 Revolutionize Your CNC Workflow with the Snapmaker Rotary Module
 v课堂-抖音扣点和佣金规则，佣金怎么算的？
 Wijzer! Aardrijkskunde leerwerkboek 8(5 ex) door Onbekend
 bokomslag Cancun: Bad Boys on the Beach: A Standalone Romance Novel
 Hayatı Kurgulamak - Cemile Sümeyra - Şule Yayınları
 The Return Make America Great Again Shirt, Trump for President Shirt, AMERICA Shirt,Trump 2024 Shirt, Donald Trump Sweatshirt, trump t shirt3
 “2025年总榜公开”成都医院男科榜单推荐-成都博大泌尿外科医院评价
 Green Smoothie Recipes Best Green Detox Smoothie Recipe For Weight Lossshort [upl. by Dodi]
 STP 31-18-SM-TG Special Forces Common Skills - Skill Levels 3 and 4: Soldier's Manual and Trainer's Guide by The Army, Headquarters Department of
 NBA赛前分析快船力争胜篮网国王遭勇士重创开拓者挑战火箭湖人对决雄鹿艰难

= = = =

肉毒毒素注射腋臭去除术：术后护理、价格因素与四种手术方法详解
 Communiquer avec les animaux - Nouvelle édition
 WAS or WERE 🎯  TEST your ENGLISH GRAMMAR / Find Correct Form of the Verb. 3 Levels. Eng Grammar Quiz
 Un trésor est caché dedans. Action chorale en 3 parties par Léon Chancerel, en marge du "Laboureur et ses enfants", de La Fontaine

= = = =

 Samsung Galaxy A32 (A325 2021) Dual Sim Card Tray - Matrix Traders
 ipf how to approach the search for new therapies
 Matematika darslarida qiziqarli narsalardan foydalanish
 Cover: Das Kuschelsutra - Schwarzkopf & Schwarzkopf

= = = =

What do the lines above say from the one containing "Communiquer avec les" down to the one containing "Un trésor est"? Return them exactly, both end lines included, and only them.

**TASK SOLUTION**
 Communiquer avec les animaux - Nouvelle édition
 WAS or WERE 🎯  TEST your ENGLISH GRAMMAR / Find Correct Form of the Verb. 3 Levels. Eng Grammar Quiz
 Un trésor est caché dedans. Action chorale en 3 parties par Léon Chancerel, en marge du "Laboureur et ses enfants", de La Fontaine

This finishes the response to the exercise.